*PROBLEM TO SOLVE*:
Would you please write out each of the entries below exactly, omitting pictures?
EXERCISE DATA Start Marker
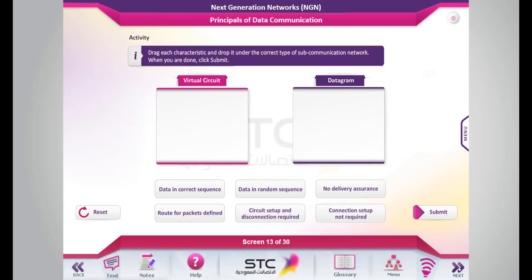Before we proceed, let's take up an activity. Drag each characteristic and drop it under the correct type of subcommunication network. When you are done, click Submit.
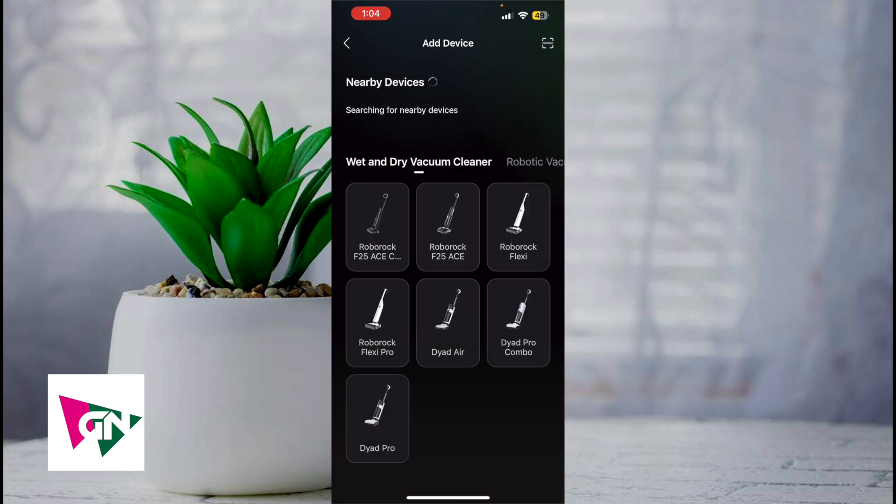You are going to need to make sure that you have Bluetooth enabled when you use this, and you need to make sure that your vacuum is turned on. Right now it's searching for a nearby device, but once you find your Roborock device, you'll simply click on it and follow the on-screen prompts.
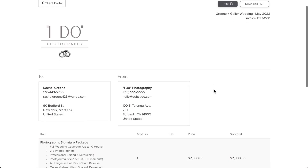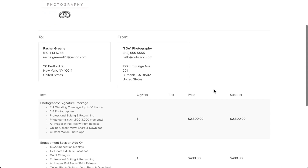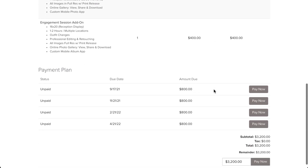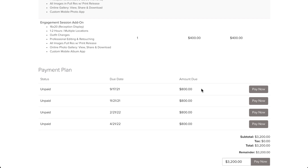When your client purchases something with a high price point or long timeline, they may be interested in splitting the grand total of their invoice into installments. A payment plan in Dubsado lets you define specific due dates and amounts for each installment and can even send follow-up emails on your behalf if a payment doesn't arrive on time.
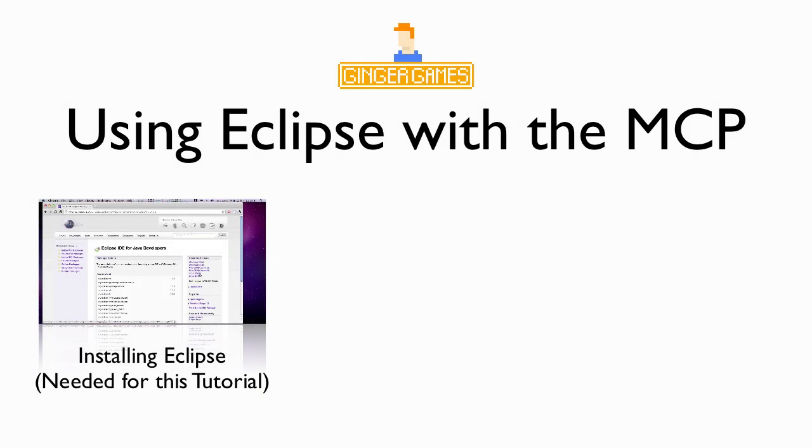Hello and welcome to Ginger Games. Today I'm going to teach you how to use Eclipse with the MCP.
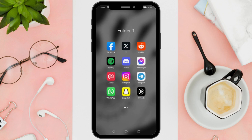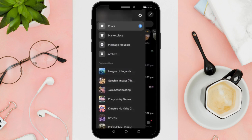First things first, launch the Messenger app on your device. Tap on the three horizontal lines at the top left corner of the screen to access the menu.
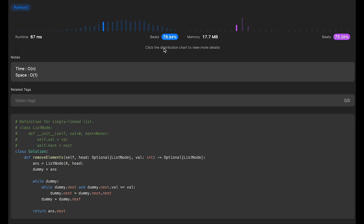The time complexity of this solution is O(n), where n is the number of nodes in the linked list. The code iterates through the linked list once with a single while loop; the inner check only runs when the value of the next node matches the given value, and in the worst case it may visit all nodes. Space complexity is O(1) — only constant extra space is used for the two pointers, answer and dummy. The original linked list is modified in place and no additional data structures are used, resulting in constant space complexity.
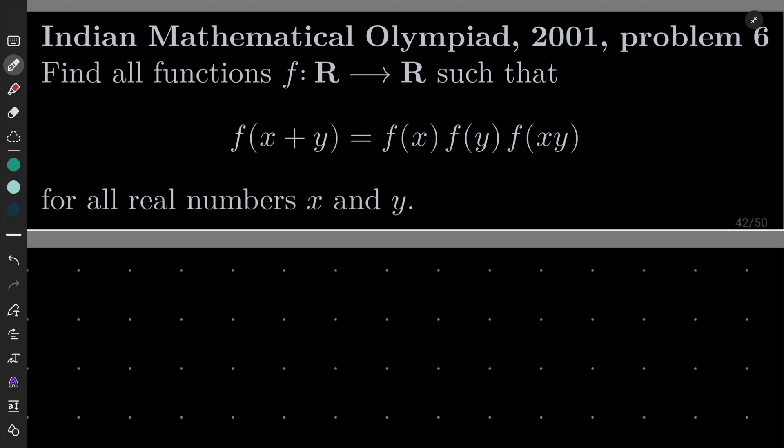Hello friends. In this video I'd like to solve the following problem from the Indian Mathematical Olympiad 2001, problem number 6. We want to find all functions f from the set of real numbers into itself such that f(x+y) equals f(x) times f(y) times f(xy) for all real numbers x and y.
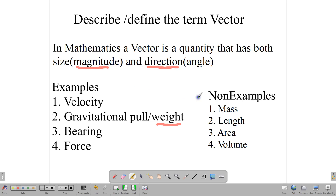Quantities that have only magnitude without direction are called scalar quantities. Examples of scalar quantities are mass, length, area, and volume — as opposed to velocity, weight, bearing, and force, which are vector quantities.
EXERCISE DATA End Marker
*ANSWER TO THIS PROBLEM*:
Before we proceed, let's take up an activity. Drag each characteristic and drop it under the correct type of subcommunication network. When you are done, click Submit.
You are going to need to make sure that you have Bluetooth enabled when you use this, and you need to make sure that your vacuum is turned on. Right now it's searching for a nearby device, but once you find your Roborock device, you'll simply click on it and follow the on-screen prompts.
When your client purchases something with a high price point or long timeline, they may be interested in splitting the grand total of their invoice into installments. A payment plan in Dubsado lets you define specific due dates and amounts for each installment and can even send follow-up emails on your behalf if a payment doesn't arrive on time.
Hello and welcome to Ginger Games. Today I'm going to teach you how to use Eclipse with the MCP.
First things first, launch the Messenger app on your device. Tap on the three horizontal lines at the top left corner of the screen to access the menu.
The time complexity of this solution is O(n), where n is the number of nodes in the linked list. The code iterates through the linked list once with a single while loop; the inner check only runs when the value of the next node matches the given value, and in the worst case it may visit all nodes. Space complexity is O(1) — only constant extra space is used for the two pointers, answer and dummy. The original linked list is modified in place and no additional data structures are used, resulting in constant space complexity.
Hello friends. In this video I'd like to solve the following problem from the Indian Mathematical Olympiad 2001, problem number 6. We want to find all functions f from the set of real numbers into itself such that f(x+y) equals f(x) times f(y) times f(xy) for all real numbers x and y.
Quantities that have only magnitude without direction are called scalar quantities. Examples of scalar quantities are mass, length, area, and volume — as opposed to velocity, weight, bearing, and force, which are vector quantities.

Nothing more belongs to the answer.